BRIEF - Your answer must be an exact copy of the data, without any pictures.

*** Opening of RECORDED INFORMATION ***

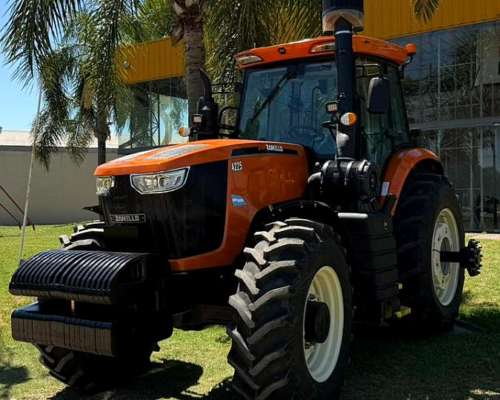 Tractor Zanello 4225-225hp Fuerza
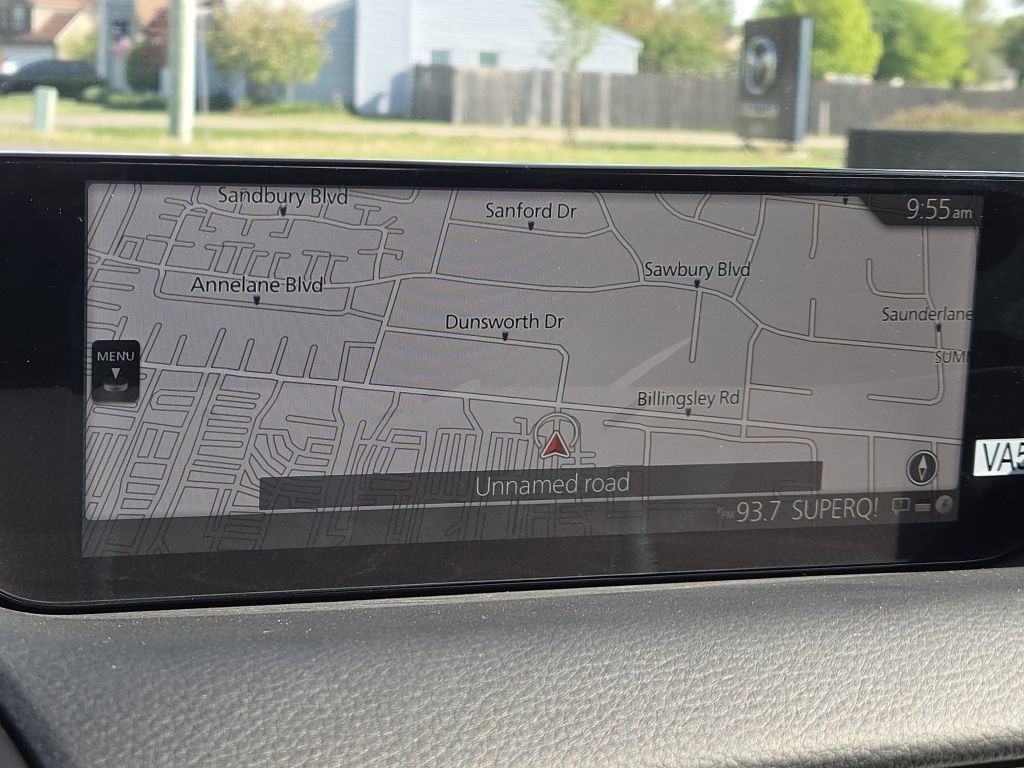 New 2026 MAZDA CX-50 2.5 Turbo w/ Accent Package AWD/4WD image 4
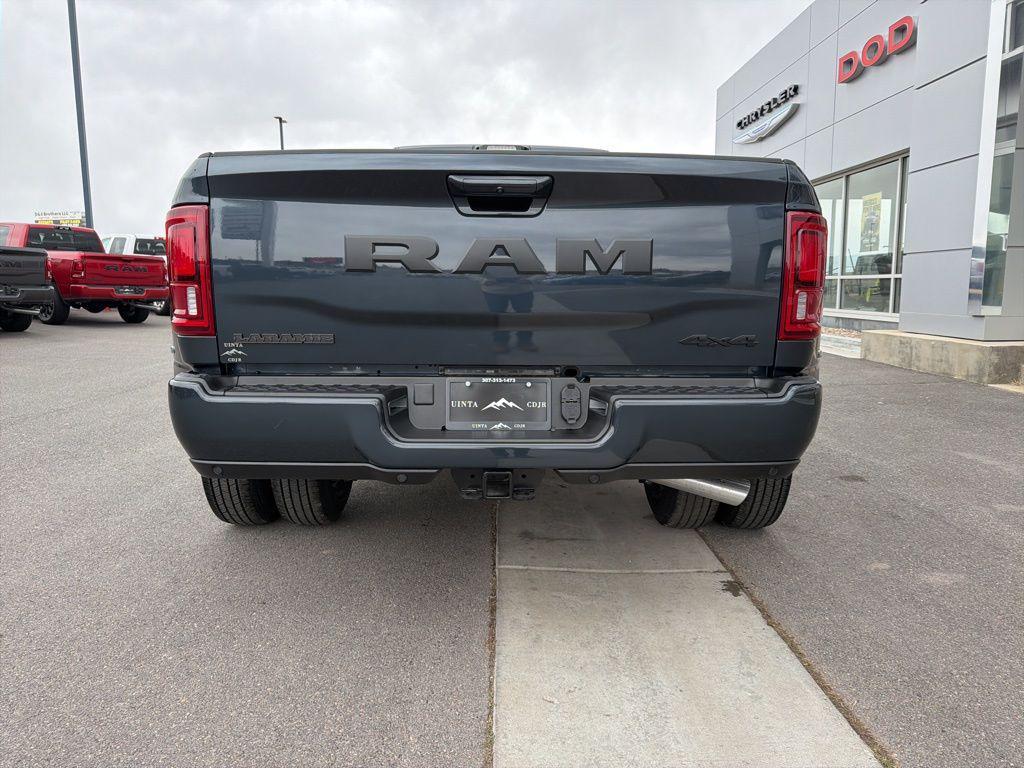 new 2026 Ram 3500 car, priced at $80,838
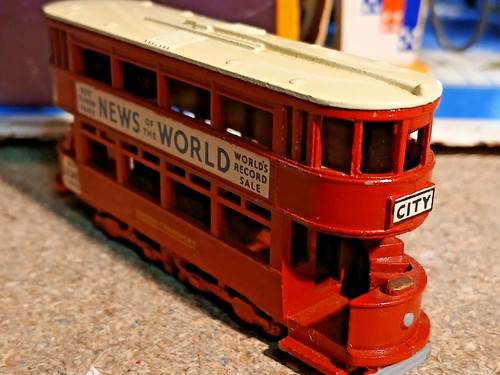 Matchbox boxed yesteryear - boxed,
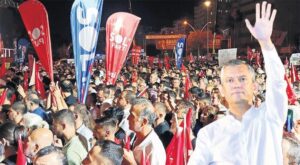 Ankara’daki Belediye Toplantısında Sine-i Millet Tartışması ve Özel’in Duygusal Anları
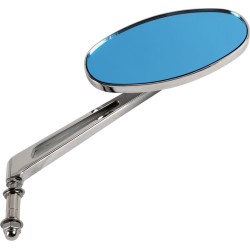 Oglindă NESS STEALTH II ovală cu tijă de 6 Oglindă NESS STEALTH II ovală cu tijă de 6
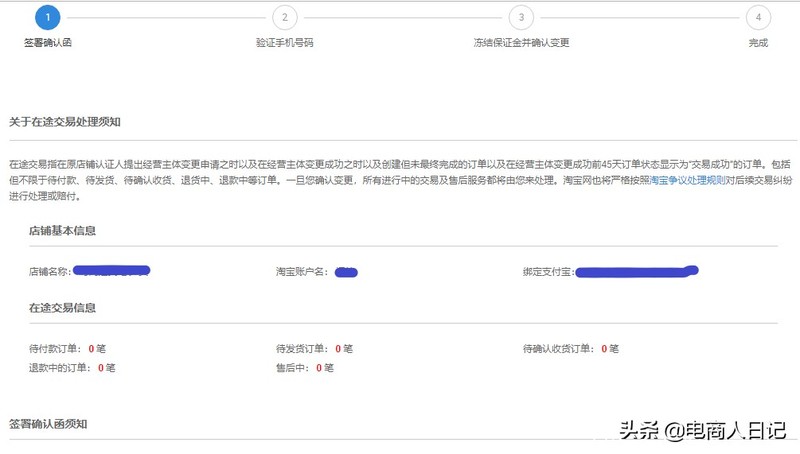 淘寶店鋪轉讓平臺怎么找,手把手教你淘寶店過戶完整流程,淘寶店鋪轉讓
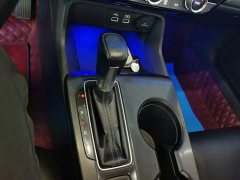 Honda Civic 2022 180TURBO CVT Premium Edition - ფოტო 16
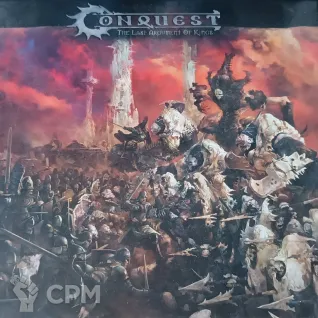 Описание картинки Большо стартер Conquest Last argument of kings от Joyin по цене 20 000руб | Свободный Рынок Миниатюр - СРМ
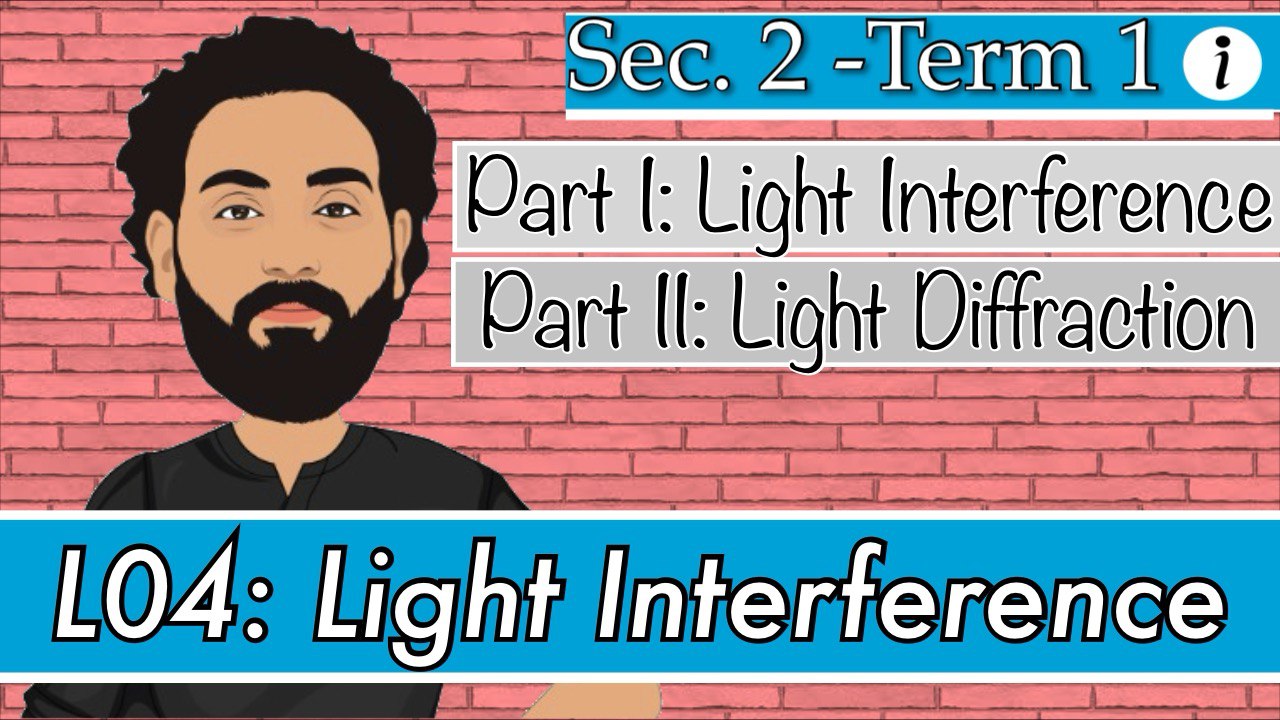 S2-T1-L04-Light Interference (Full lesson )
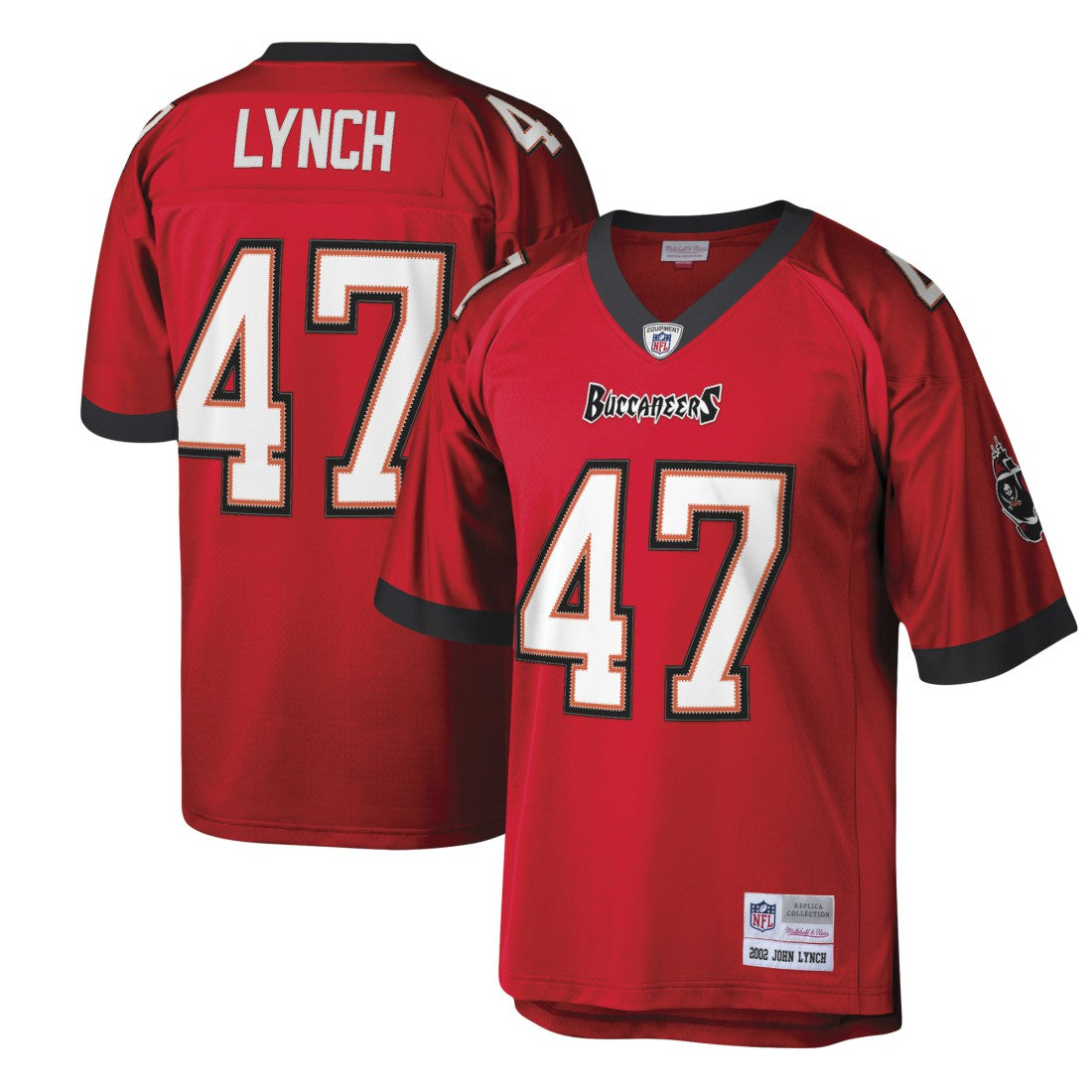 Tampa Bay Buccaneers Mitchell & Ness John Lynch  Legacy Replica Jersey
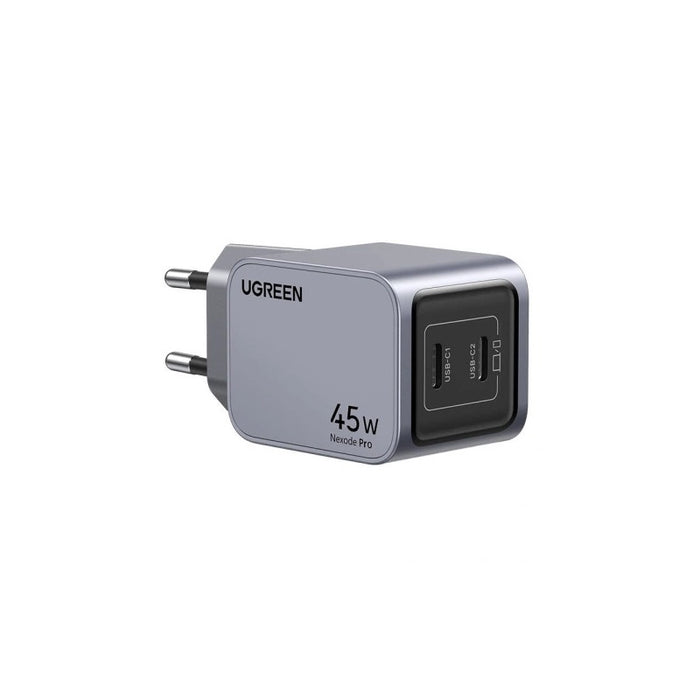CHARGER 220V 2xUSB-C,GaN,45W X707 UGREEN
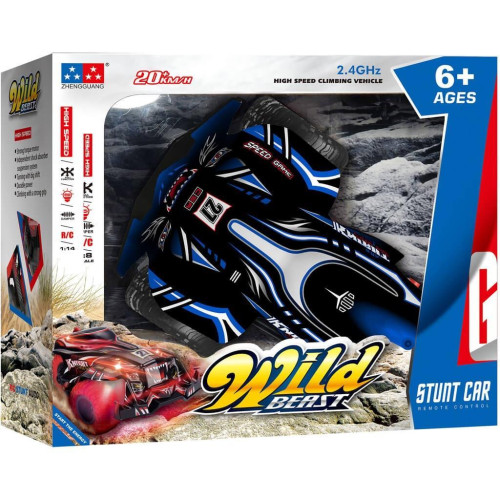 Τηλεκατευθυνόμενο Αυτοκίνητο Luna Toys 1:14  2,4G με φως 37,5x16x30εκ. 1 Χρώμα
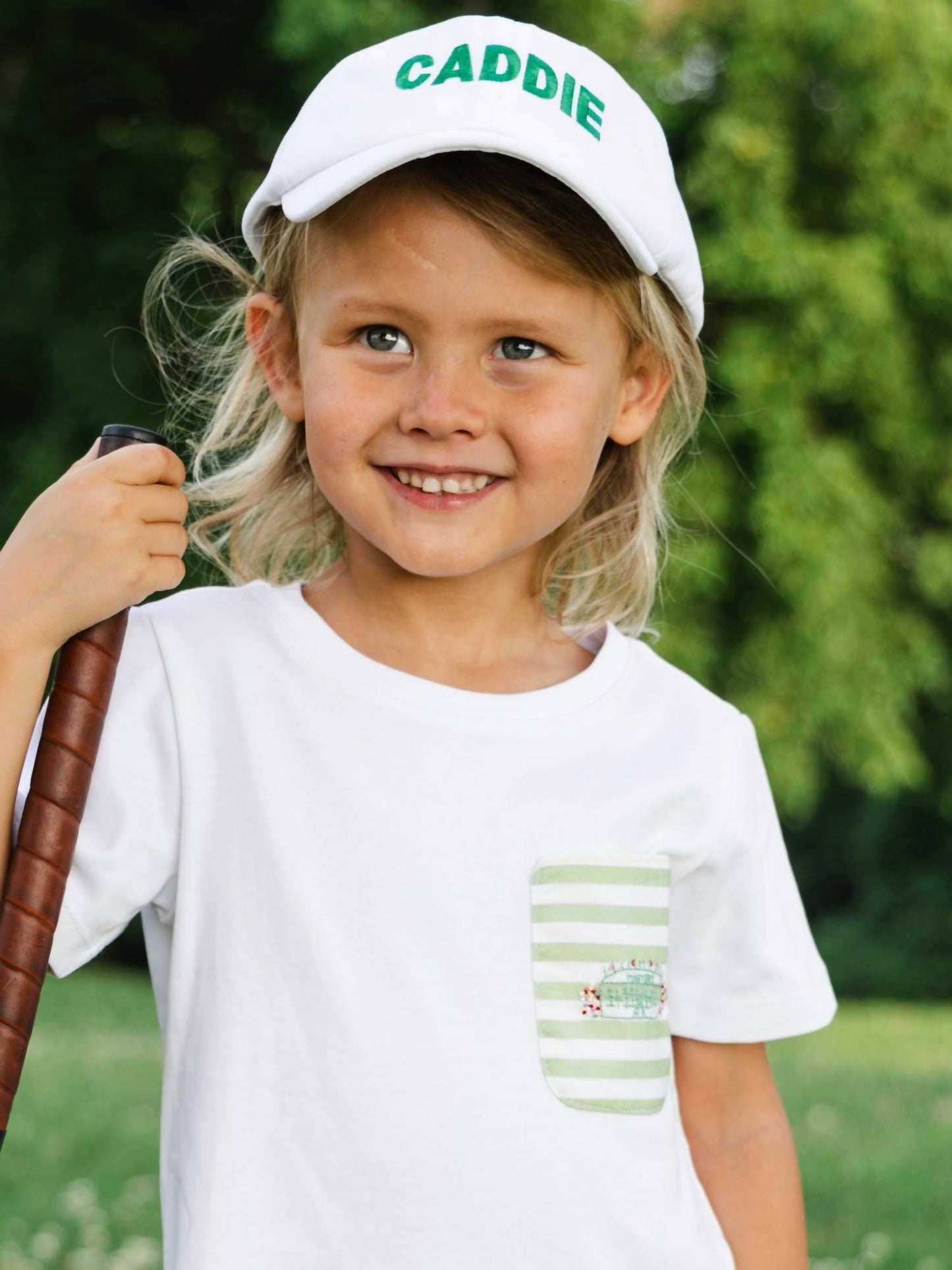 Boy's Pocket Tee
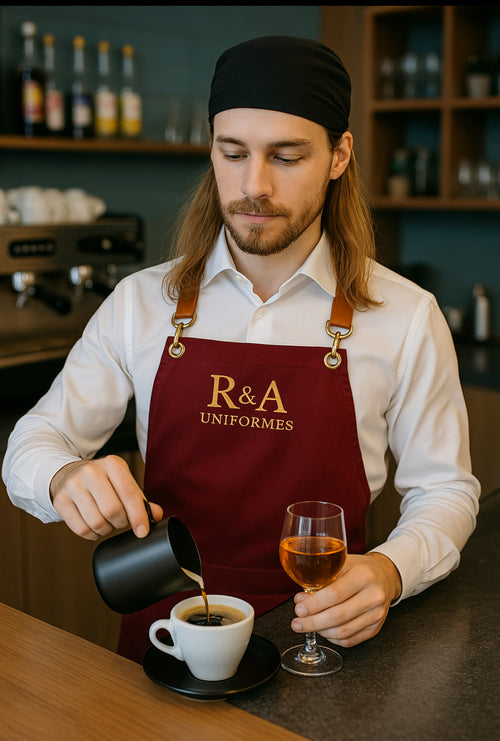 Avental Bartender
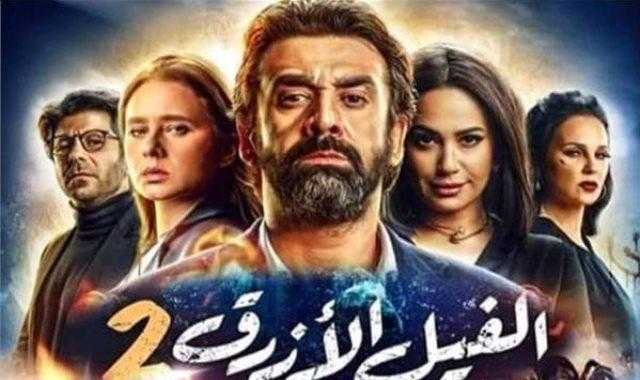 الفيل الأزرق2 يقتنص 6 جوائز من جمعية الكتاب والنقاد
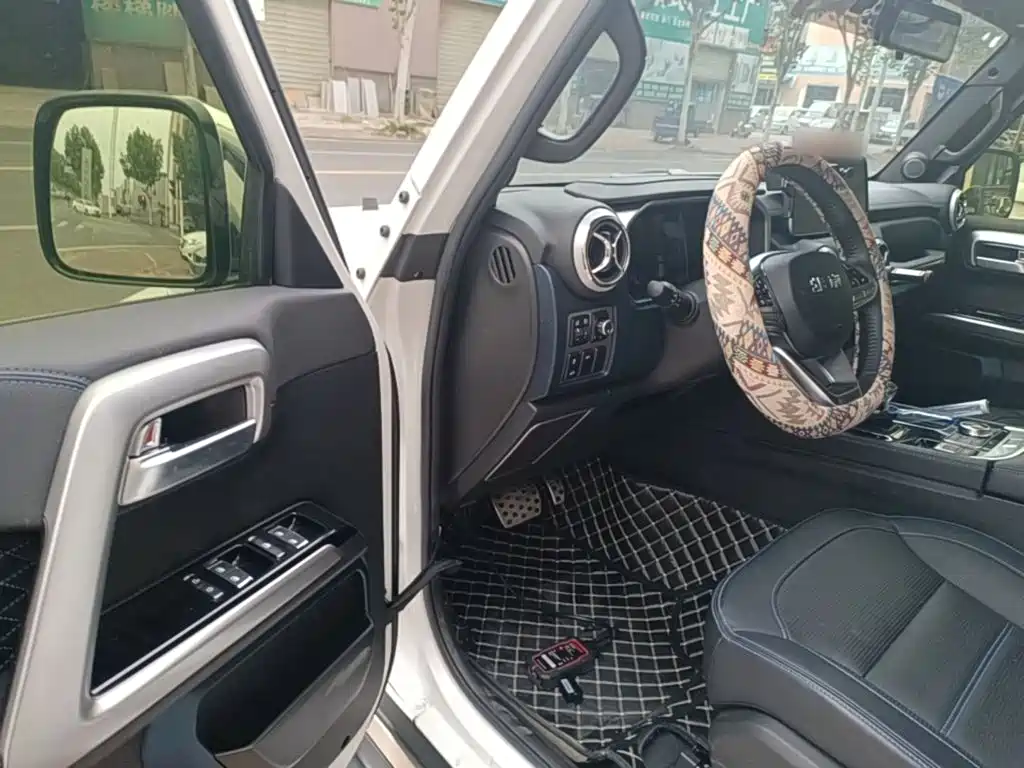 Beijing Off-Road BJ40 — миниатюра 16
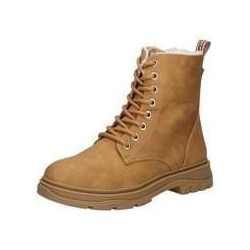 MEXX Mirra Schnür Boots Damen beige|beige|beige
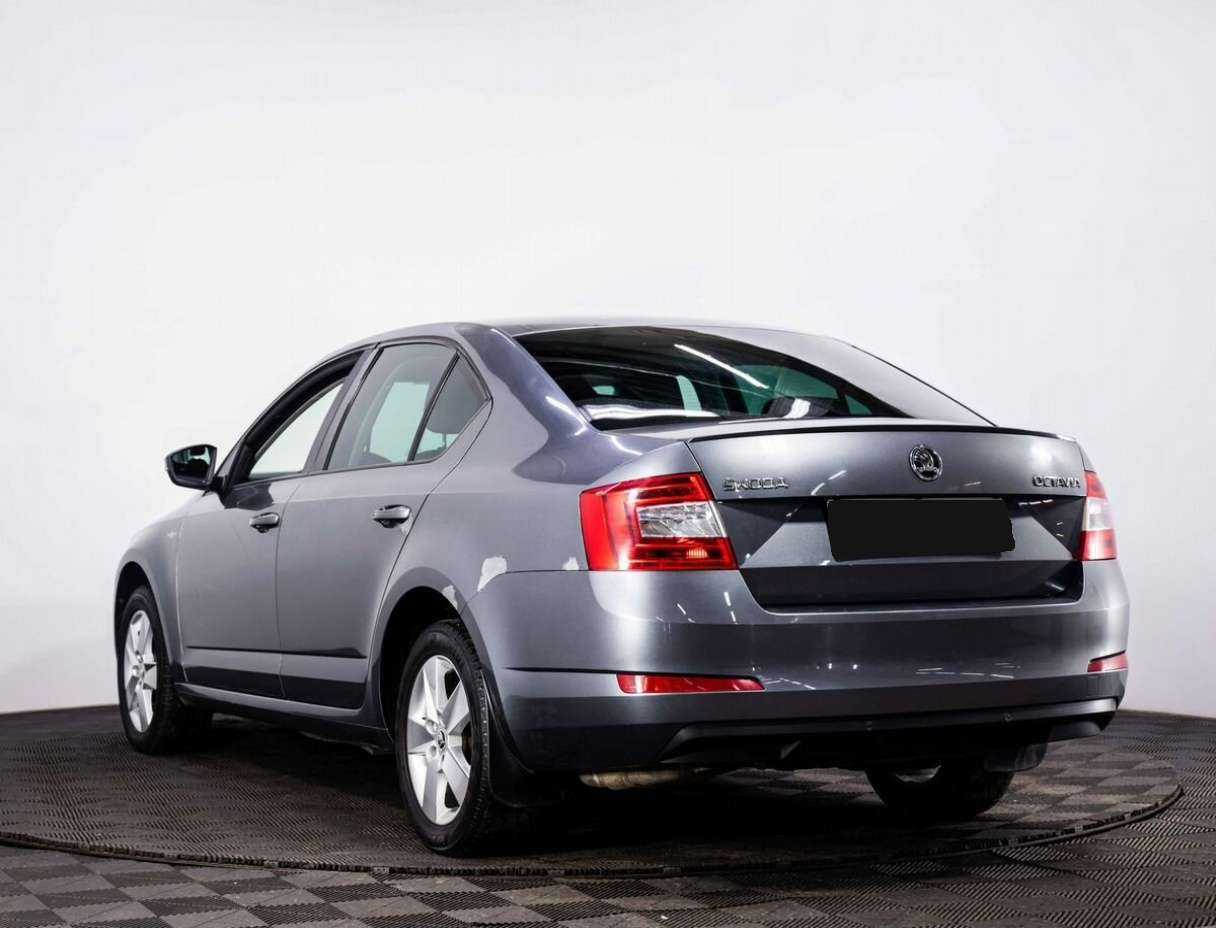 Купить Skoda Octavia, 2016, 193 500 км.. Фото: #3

*** Close of RECORDED INFORMATION ***

COMPLETED TASK -
 Tractor Zanello 4225-225hp Fuerza
 New 2026 MAZDA CX-50 2.5 Turbo w/ Accent Package AWD/4WD image 4
 new 2026 Ram 3500 car, priced at $80,838
 Matchbox boxed yesteryear - boxed,
 Ankara’daki Belediye Toplantısında Sine-i Millet Tartışması ve Özel’in Duygusal Anları
 Oglindă NESS STEALTH II ovală cu tijă de 6 Oglindă NESS STEALTH II ovală cu tijă de 6
 淘寶店鋪轉讓平臺怎么找,手把手教你淘寶店過戶完整流程,淘寶店鋪轉讓
 Honda Civic 2022 180TURBO CVT Premium Edition - ფოტო 16
 Описание картинки Большо стартер Conquest Last argument of kings от Joyin по цене 20 000руб | Свободный Рынок Миниатюр - СРМ
 S2-T1-L04-Light Interference (Full lesson )
 Tampa Bay Buccaneers Mitchell & Ness John Lynch  Legacy Replica Jersey
CHARGER 220V 2xUSB-C,GaN,45W X707 UGREEN
 Τηλεκατευθυνόμενο Αυτοκίνητο Luna Toys 1:14  2,4G με φως 37,5x16x30εκ. 1 Χρώμα
 Boy's Pocket Tee
 Avental Bartender
 الفيل الأزرق2 يقتنص 6 جوائز من جمعية الكتاب والنقاد
 Beijing Off-Road BJ40 — миниатюра 16
 MEXX Mirra Schnür Boots Damen beige|beige|beige
 Купить Skoda Octavia, 2016, 193 500 км.. Фото: #3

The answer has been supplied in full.